Record excerpts section start
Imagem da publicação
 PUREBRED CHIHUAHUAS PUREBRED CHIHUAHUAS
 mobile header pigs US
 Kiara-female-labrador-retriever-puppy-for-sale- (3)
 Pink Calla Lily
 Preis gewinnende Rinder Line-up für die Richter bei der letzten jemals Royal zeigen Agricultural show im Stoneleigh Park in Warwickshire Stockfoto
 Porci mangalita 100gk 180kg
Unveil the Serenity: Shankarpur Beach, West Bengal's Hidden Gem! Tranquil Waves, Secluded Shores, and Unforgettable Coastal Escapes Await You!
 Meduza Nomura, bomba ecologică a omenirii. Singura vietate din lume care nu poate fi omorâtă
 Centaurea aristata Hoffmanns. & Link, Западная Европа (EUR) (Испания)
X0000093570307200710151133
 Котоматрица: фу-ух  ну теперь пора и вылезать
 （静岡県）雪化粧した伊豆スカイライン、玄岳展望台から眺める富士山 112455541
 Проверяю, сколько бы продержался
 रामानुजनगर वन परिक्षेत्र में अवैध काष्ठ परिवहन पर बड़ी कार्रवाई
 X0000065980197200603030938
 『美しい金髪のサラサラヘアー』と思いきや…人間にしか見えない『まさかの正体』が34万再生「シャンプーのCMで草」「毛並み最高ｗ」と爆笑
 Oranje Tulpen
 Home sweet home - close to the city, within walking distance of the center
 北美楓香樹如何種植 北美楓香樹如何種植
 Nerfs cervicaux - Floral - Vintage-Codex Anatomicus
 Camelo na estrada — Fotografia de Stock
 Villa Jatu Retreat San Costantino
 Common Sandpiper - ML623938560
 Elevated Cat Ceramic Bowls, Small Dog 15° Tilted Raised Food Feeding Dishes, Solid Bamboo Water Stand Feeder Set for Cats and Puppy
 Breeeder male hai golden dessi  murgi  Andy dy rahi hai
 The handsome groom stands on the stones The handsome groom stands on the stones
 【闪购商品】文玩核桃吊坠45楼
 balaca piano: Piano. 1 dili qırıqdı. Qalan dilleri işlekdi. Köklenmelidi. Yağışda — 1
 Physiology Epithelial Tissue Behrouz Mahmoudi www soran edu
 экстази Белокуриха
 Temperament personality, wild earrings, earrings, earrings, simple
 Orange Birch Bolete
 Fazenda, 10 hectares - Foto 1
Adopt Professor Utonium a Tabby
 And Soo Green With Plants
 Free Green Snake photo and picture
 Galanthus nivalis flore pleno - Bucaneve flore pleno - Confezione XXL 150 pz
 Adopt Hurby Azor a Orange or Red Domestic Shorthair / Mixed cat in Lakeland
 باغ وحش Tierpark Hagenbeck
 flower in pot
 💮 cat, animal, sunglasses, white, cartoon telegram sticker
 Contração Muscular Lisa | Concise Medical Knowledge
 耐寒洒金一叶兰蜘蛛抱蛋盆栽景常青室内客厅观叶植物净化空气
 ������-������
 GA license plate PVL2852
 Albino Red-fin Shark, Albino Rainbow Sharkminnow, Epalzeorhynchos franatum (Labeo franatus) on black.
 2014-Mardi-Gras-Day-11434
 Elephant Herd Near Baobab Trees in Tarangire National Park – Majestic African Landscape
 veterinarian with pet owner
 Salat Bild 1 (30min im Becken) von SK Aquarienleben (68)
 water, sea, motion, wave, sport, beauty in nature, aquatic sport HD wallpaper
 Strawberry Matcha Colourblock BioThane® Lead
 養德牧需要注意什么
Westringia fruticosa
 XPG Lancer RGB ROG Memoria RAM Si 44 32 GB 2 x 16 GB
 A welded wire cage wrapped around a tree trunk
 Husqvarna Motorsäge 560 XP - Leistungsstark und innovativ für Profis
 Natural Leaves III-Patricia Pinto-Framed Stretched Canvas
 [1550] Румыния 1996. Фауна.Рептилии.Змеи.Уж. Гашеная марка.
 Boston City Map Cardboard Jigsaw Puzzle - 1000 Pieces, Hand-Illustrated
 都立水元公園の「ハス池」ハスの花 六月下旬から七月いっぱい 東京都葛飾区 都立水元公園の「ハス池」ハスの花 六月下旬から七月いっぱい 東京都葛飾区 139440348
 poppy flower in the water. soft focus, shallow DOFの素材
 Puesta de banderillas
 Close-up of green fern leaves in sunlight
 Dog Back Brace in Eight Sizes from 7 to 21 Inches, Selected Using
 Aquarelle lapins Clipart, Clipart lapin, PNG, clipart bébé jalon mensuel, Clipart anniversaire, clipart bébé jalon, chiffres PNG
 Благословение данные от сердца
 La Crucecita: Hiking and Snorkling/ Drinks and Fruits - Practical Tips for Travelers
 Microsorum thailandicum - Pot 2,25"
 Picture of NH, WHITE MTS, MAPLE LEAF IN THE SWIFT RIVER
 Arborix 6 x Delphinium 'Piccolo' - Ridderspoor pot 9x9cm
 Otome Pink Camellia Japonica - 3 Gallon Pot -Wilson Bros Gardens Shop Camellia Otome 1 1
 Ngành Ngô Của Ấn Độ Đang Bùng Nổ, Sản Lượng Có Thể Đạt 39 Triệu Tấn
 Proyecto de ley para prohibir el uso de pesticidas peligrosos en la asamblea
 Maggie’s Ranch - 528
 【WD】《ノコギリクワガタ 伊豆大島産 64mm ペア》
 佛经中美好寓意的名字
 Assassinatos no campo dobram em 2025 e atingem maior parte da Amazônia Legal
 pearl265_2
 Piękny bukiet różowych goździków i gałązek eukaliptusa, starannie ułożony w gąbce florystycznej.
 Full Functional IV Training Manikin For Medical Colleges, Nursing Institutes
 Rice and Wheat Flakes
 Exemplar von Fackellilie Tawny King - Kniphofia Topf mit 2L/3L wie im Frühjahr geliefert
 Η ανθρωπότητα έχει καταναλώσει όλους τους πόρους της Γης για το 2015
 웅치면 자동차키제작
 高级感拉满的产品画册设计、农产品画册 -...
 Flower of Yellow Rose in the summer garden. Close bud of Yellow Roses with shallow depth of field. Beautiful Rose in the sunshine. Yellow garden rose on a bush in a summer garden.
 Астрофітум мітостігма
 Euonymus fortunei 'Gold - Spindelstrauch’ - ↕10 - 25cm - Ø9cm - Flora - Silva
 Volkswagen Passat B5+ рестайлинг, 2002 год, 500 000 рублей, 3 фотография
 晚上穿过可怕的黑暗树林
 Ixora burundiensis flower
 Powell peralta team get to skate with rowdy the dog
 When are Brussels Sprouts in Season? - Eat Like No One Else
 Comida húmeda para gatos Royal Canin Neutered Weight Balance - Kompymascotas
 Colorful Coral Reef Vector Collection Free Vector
Record excerpts section end
• _What is needed_
Print all of the records, leaving each one exactly as it appears above.

• _Output of the exercise_
Imagem da publicação
 PUREBRED CHIHUAHUAS PUREBRED CHIHUAHUAS
 mobile header pigs US
 Kiara-female-labrador-retriever-puppy-for-sale- (3)
 Pink Calla Lily
 Preis gewinnende Rinder Line-up für die Richter bei der letzten jemals Royal zeigen Agricultural show im Stoneleigh Park in Warwickshire Stockfoto
 Porci mangalita 100gk 180kg
Unveil the Serenity: Shankarpur Beach, West Bengal's Hidden Gem! Tranquil Waves, Secluded Shores, and Unforgettable Coastal Escapes Await You!
 Meduza Nomura, bomba ecologică a omenirii. Singura vietate din lume care nu poate fi omorâtă
 Centaurea aristata Hoffmanns. & Link, Западная Европа (EUR) (Испания)
X0000093570307200710151133
 Котоматрица: фу-ух  ну теперь пора и вылезать
 （静岡県）雪化粧した伊豆スカイライン、玄岳展望台から眺める富士山 112455541
 Проверяю, сколько бы продержался
 रामानुजनगर वन परिक्षेत्र में अवैध काष्ठ परिवहन पर बड़ी कार्रवाई
 X0000065980197200603030938
 『美しい金髪のサラサラヘアー』と思いきや…人間にしか見えない『まさかの正体』が34万再生「シャンプーのCMで草」「毛並み最高ｗ」と爆笑
 Oranje Tulpen
 Home sweet home - close to the city, within walking distance of the center
 北美楓香樹如何種植 北美楓香樹如何種植
 Nerfs cervicaux - Floral - Vintage-Codex Anatomicus
 Camelo na estrada — Fotografia de Stock
 Villa Jatu Retreat San Costantino
 Common Sandpiper - ML623938560
 Elevated Cat Ceramic Bowls, Small Dog 15° Tilted Raised Food Feeding Dishes, Solid Bamboo Water Stand Feeder Set for Cats and Puppy
 Breeeder male hai golden dessi  murgi  Andy dy rahi hai
 The handsome groom stands on the stones The handsome groom stands on the stones
 【闪购商品】文玩核桃吊坠45楼
 balaca piano: Piano. 1 dili qırıqdı. Qalan dilleri işlekdi. Köklenmelidi. Yağışda — 1
 Physiology Epithelial Tissue Behrouz Mahmoudi www soran edu
 экстази Белокуриха
 Temperament personality, wild earrings, earrings, earrings, simple
 Orange Birch Bolete
 Fazenda, 10 hectares - Foto 1
Adopt Professor Utonium a Tabby
 And Soo Green With Plants
 Free Green Snake photo and picture
 Galanthus nivalis flore pleno - Bucaneve flore pleno - Confezione XXL 150 pz
 Adopt Hurby Azor a Orange or Red Domestic Shorthair / Mixed cat in Lakeland
 باغ وحش Tierpark Hagenbeck
 flower in pot
 💮 cat, animal, sunglasses, white, cartoon telegram sticker
 Contração Muscular Lisa | Concise Medical Knowledge
 耐寒洒金一叶兰蜘蛛抱蛋盆栽景常青室内客厅观叶植物净化空气
 ������-������
 GA license plate PVL2852
 Albino Red-fin Shark, Albino Rainbow Sharkminnow, Epalzeorhynchos franatum (Labeo franatus) on black.
 2014-Mardi-Gras-Day-11434
 Elephant Herd Near Baobab Trees in Tarangire National Park – Majestic African Landscape
 veterinarian with pet owner
 Salat Bild 1 (30min im Becken) von SK Aquarienleben (68)
 water, sea, motion, wave, sport, beauty in nature, aquatic sport HD wallpaper
 Strawberry Matcha Colourblock BioThane® Lead
 養德牧需要注意什么
Westringia fruticosa
 XPG Lancer RGB ROG Memoria RAM Si 44 32 GB 2 x 16 GB
 A welded wire cage wrapped around a tree trunk
 Husqvarna Motorsäge 560 XP - Leistungsstark und innovativ für Profis
 Natural Leaves III-Patricia Pinto-Framed Stretched Canvas
 [1550] Румыния 1996. Фауна.Рептилии.Змеи.Уж. Гашеная марка.
 Boston City Map Cardboard Jigsaw Puzzle - 1000 Pieces, Hand-Illustrated
 都立水元公園の「ハス池」ハスの花 六月下旬から七月いっぱい 東京都葛飾区 都立水元公園の「ハス池」ハスの花 六月下旬から七月いっぱい 東京都葛飾区 139440348
 poppy flower in the water. soft focus, shallow DOFの素材
 Puesta de banderillas
 Close-up of green fern leaves in sunlight
 Dog Back Brace in Eight Sizes from 7 to 21 Inches, Selected Using
 Aquarelle lapins Clipart, Clipart lapin, PNG, clipart bébé jalon mensuel, Clipart anniversaire, clipart bébé jalon, chiffres PNG
 Благословение данные от сердца
 La Crucecita: Hiking and Snorkling/ Drinks and Fruits - Practical Tips for Travelers
 Microsorum thailandicum - Pot 2,25"
 Picture of NH, WHITE MTS, MAPLE LEAF IN THE SWIFT RIVER
 Arborix 6 x Delphinium 'Piccolo' - Ridderspoor pot 9x9cm
 Otome Pink Camellia Japonica - 3 Gallon Pot -Wilson Bros Gardens Shop Camellia Otome 1 1
 Ngành Ngô Của Ấn Độ Đang Bùng Nổ, Sản Lượng Có Thể Đạt 39 Triệu Tấn
 Proyecto de ley para prohibir el uso de pesticidas peligrosos en la asamblea
 Maggie’s Ranch - 528
 【WD】《ノコギリクワガタ 伊豆大島産 64mm ペア》
 佛经中美好寓意的名字
 Assassinatos no campo dobram em 2025 e atingem maior parte da Amazônia Legal
 pearl265_2
 Piękny bukiet różowych goździków i gałązek eukaliptusa, starannie ułożony w gąbce florystycznej.
 Full Functional IV Training Manikin For Medical Colleges, Nursing Institutes
 Rice and Wheat Flakes
 Exemplar von Fackellilie Tawny King - Kniphofia Topf mit 2L/3L wie im Frühjahr geliefert
 Η ανθρωπότητα έχει καταναλώσει όλους τους πόρους της Γης για το 2015
 웅치면 자동차키제작
 高级感拉满的产品画册设计、农产品画册 -...
 Flower of Yellow Rose in the summer garden. Close bud of Yellow Roses with shallow depth of field. Beautiful Rose in the sunshine. Yellow garden rose on a bush in a summer garden.
 Астрофітум мітостігма
 Euonymus fortunei 'Gold - Spindelstrauch’ - ↕10 - 25cm - Ø9cm - Flora - Silva
 Volkswagen Passat B5+ рестайлинг, 2002 год, 500 000 рублей, 3 фотография
 晚上穿过可怕的黑暗树林
 Ixora burundiensis flower
 Powell peralta team get to skate with rowdy the dog
 When are Brussels Sprouts in Season? - Eat Like No One Else
 Comida húmeda para gatos Royal Canin Neutered Weight Balance - Kompymascotas
 Colorful Coral Reef Vector Collection Free Vector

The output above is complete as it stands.